# Provided material
○ ○ ○ ○ ○
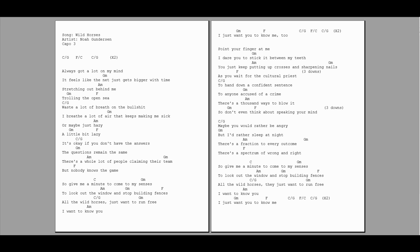Always got a lot on my mind, it feels like the net just gets bigger with time. It's stretching out behind me, trawling the open sea.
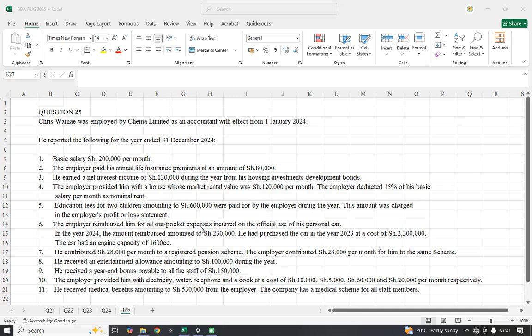Welcome to this channel. We continue with our review of Business Data Analytics, the August 2025 sitting. Today we are doing the last question in this paper, question number 25. The others we have already reviewed. If you are new to this channel, kindly visit the other questions to go through them. I'll read through question number 25, which deals with employment income and specialization area of taxation.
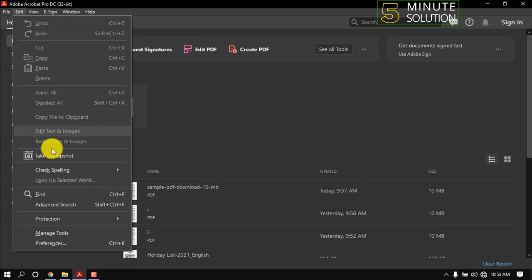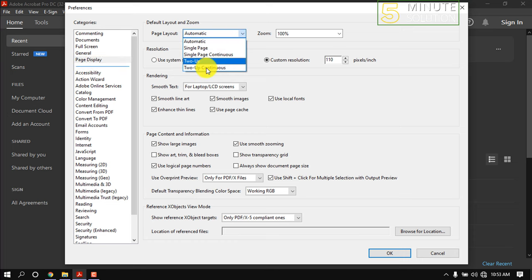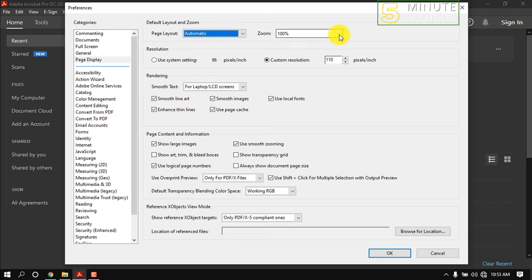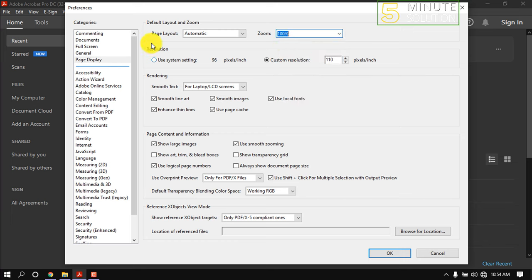Click on Edit, Preferences, Page Display. Here we can change page layout, page zoom. We can make custom resolution from here, and also you can use system settings.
○ ○ ○ ○ ○
# What the task asks
Exclude the pictures. Write out the remaining data exactly.

# Your solution
Always got a lot on my mind, it feels like the net just gets bigger with time. It's stretching out behind me, trawling the open sea.
Welcome to this channel. We continue with our review of Business Data Analytics, the August 2025 sitting. Today we are doing the last question in this paper, question number 25. The others we have already reviewed. If you are new to this channel, kindly visit the other questions to go through them. I'll read through question number 25, which deals with employment income and specialization area of taxation.
Click on Edit, Preferences, Page Display. Here we can change page layout, page zoom. We can make custom resolution from here, and also you can use system settings.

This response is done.